◆ Given data ◆

------------------------------------------------------------------------

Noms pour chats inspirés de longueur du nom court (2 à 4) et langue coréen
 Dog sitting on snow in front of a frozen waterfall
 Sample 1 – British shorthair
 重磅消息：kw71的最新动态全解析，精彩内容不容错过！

------------------------------------------------------------------------

◆ Problem statement ◆
Line for line, the material above should be repeated exactly.

◆ Written answer ◆
Noms pour chats inspirés de longueur du nom court (2 à 4) et langue coréen
 Dog sitting on snow in front of a frozen waterfall
 Sample 1 – British shorthair
 重磅消息：kw71的最新动态全解析，精彩内容不容错过！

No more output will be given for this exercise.